The debt arose when the “borrower” accepted the benefits of funding that came from an unidentified source. It is presumed not to be a gift. The “borrower” has signed a note and mortgage in favor of a party that never loaned him any money — hence there is no loan contract and the signed note and mortgage should have been destroyed or released back to the “borrower.” Such a loan is table-funded and is almost certainly “predatory per se” as described in REG Z.

Since there is no privity between the “originator” and the Trust or Master Servicer the loan documents cannot be said to be useful, much less enforceable. Those documents should be considered void, not voidable, when the payee and mortgagee failed to fund the loan. The repeated transfers of the loan documents without anyone ever paying for them clearly means that the consideration at the base “closing” was absent. Hence there is no consideration at either the origination or acquisition of the loan documents. Acquisition of the loan documents does not mean acquisition of the loan. If there was no valid loan contract or there is no valid loan contract (rescission) executing endorsements, assignments and powers of attorney are meaningless.

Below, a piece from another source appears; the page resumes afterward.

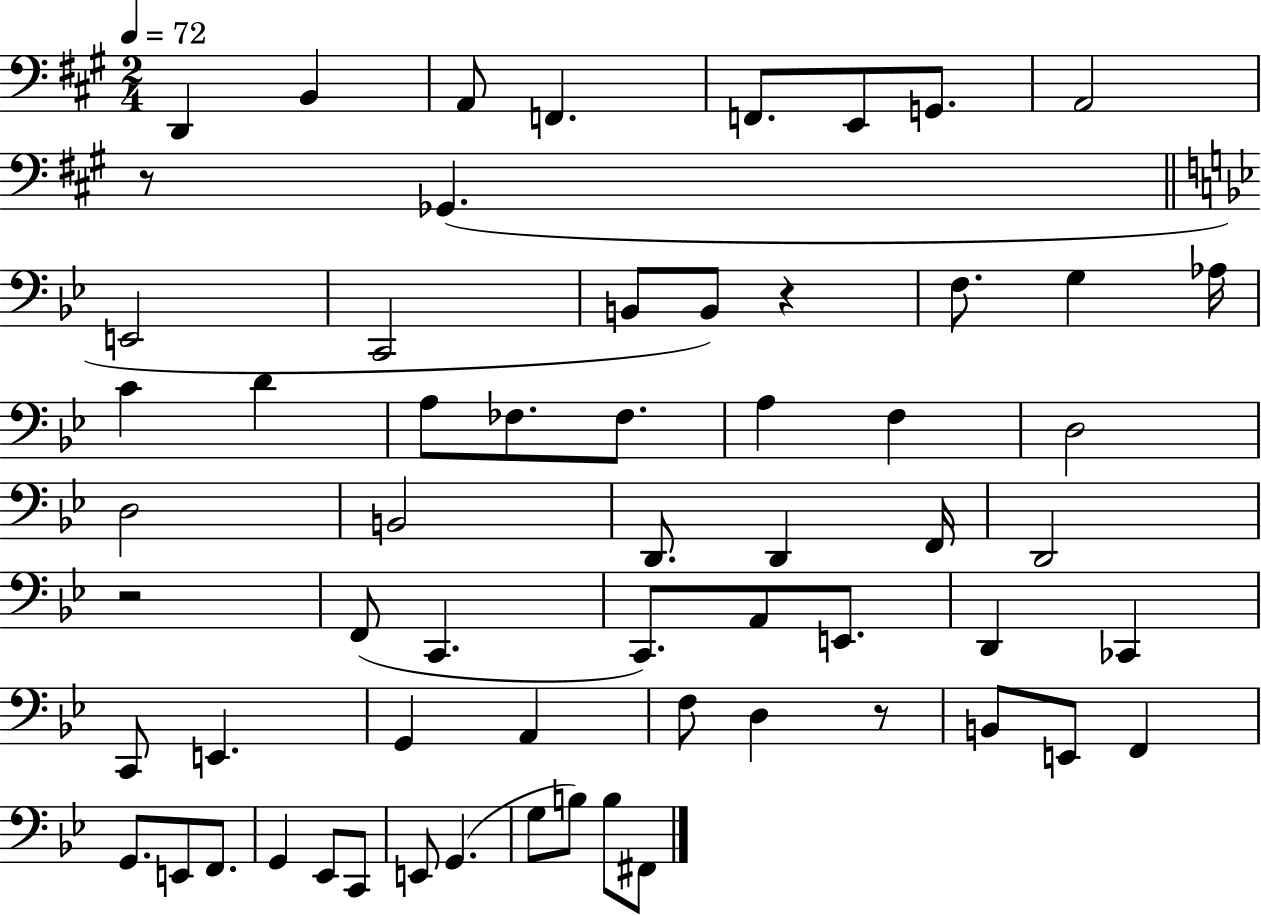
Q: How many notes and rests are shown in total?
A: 62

So there is a serious question about whether there is a legal creditor involved in any of these loans. There are parties with equitable and legal claims, but not with respect to the loan documents that should have been shredded at the very beginning. All those claims are unsecured. And the foreclosures, in truth, are for the benefit of parties who have no relationship with the actual money that was used to the benefit of the alleged “borrower” who is looking more and more like a party who is not a borrower but who could be debtor if there is anyone answering to the description of “creditor.” No party in this scenario seems to answer to that description.

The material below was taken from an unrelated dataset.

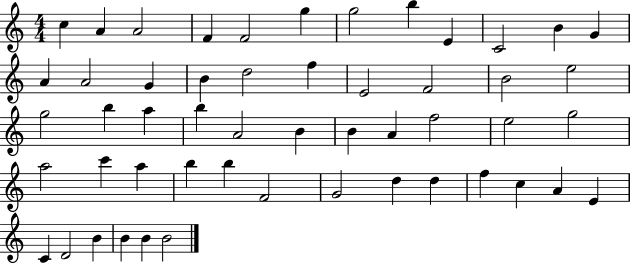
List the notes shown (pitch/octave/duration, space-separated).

C5/q A4/q A4/h F4/q F4/h G5/q G5/h B5/q E4/q C4/h B4/q G4/q A4/q A4/h G4/q B4/q D5/h F5/q E4/h F4/h B4/h E5/h G5/h B5/q A5/q B5/q A4/h B4/q B4/q A4/q F5/h E5/h G5/h A5/h C6/q A5/q B5/q B5/q F4/h G4/h D5/q D5/q F5/q C5/q A4/q E4/q C4/q D4/h B4/q B4/q B4/q B4/h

And THAT would explain why NO PARTY steps forward to challenge rescissions as a creditor and instead they attempt to retain their status of having apparent “Standing” and attack the rescission through arguments that require the court to interpret the TILA Rescission Statute, 15 USC §1635. But the US Supreme Court has already declared that it is the law of the land that this statute is not subject to interpretation by the courts because it is clear on its face. So such parties are seeking relief they didn’t ask for (vacating the rescission) using the void note and void mortgage as their basis for standing.

Thus without someone filing an equitable claim showing that their money is tied up in the money given to the “borrower” there does not seem to be a creditor at law.

Add that to the fact that most of the “Trusts” were resecuritized by more empty trusts and you have the original beneficiaries completely out of the picture as to any particular loan and the so-called REMIC Trust being completely out of the picture with respect to the loan or loan documents that were originated, even if they were not consummated.